But the greatest humorous occasions were provided by his beautiful marmalade long-haired cat. Nobody could pass this cat that used to spend a lot of his time sunning himself on Mrs Miller’s gatepost at no. 21 Vallance Road opposite. Mrs Miller used to come and feed the cats every day and of course they would wait for her. Mr Jennings, unbeknown to Mrs Miller, used to regularly sell the cat to people as far away as Kemp Town or Portslade and it would be back in a couple of days (and hidden). All three cats were magnificent ratters of which the place abounded. He had to leave the Vallance Estate in 1927 and went up to an allotment behind Nevill Road and West Blatchington Farm. But in 1928 during the Autumn, he was taken to the Infirmary and died mainly from old age, about 86 in April 1929.

4th. Bertram Woods, sign-writer of Osborne Villas, the corner house (north side) going into the mews or the back of the east side of Osborne Villas. He had a plot, by agreement with Mr Jennings, on the Vallance Estate and then did the digging on the new allotment up at Nevill Road. Bert, as he was known, was the most accomplished tradesman I ever knew. There was nothing he could not turn his hand to – plumbing, building, bricklaying, carpentry and wireless. When everyone else was busy twiddling cats whiskers on the crystal set, Bert had set up an enormous ebonite panel in his basement sanctum with a multiplicity of condensers, valves etc could get any station in the world. He was trained in the old Royal Navy and during his boy service he was flogged for smoking. It did not stop him however, as he continuously smoked his old briar, smoking strong shag.

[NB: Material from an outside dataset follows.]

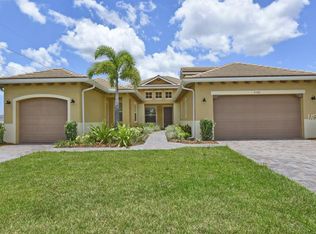 5102 Lake Overlook Ave, Bradenton, FL 34208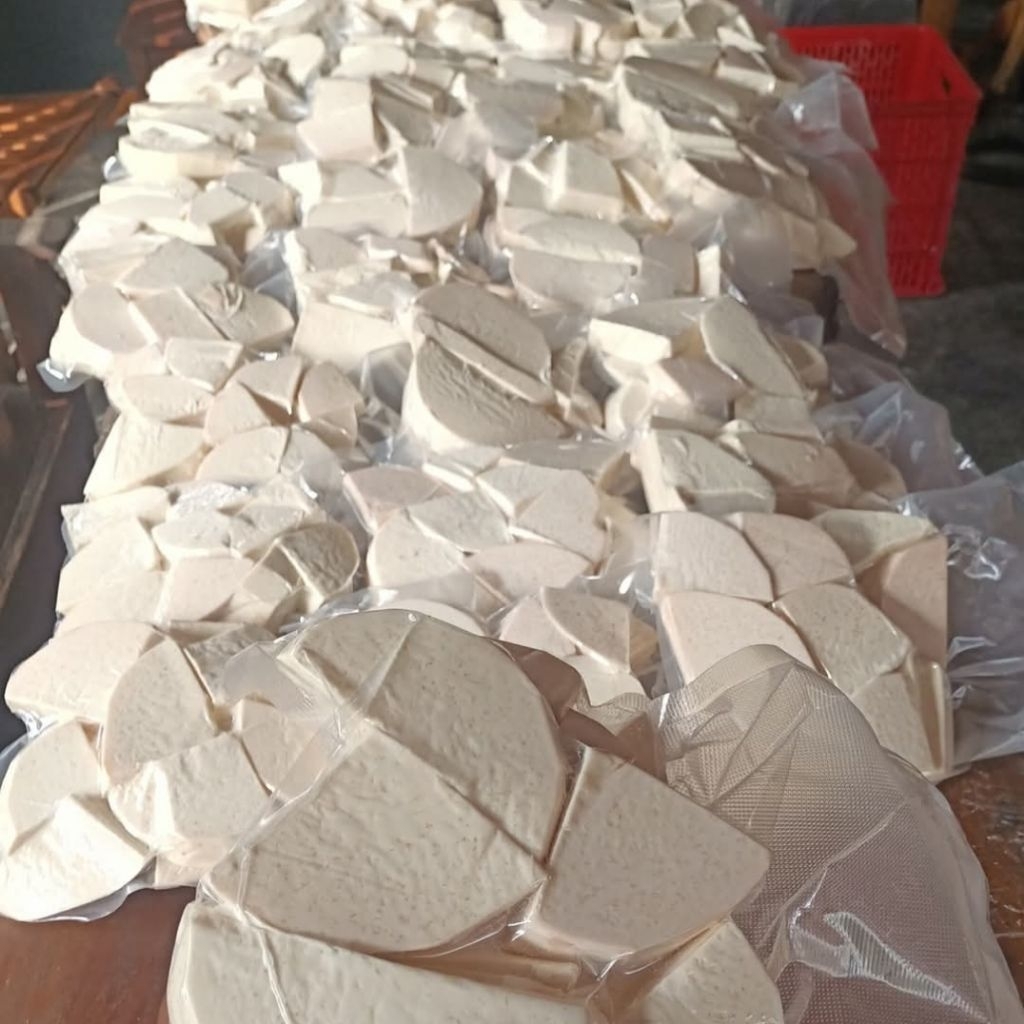 

Talas Kupas Pratama/ Talas Frozen Pulen Empuk Lunak 500grm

The last time I saw him was in 1937 but he died during the 1940s. He had retired from the Navy in 1910 and became a prison officer. However he was not successful in staying as his innate good nature made him give prisoners tobacco. The prison governor had a chat with him and it was decided that prison was not suited to him.

5th. The Donkey Man – He was a one-legged character who went round with a barrel organ pulled by a donkey. He was a favourite among organ players and when the Prince of Wales stayed at the Manor House, he had a word or two with him. Thereafter his barrel organ bore a placard ‘Under the patronage of the Prince of Wales.’ The Prince also had a chat with Mr Jennings.

Hope this will be useful to you, Tom Hicks

Molly Williams and Hilda Bailey were sisters-in-law who spent some 40 years living in the same house in the Kingsway. But during the early part of World War II they lived at the top of St Leonard’s Road. During 1940 when a German invasion seemed likely, house prices plummeted.

Hove was a restricted zone and anyone proceeding east past Wish Road needed to produce a pass. One night the two women went to a class run by the Red Cross at Southwick and in the rush to get there on time they forgot to take their passes. When it was time to go home they found the soldiers reluctant to allow them through. In fact a policeman accompanied them to their house and checked on their passes.

The seafront was a mass of barbed wire, beaches were mined and sections removed from the piers. Amidst all this the smooth surface of the seafront bowling greens remained undisturbed. Indeed the grass had never been in such excellent condition because nobody could play there.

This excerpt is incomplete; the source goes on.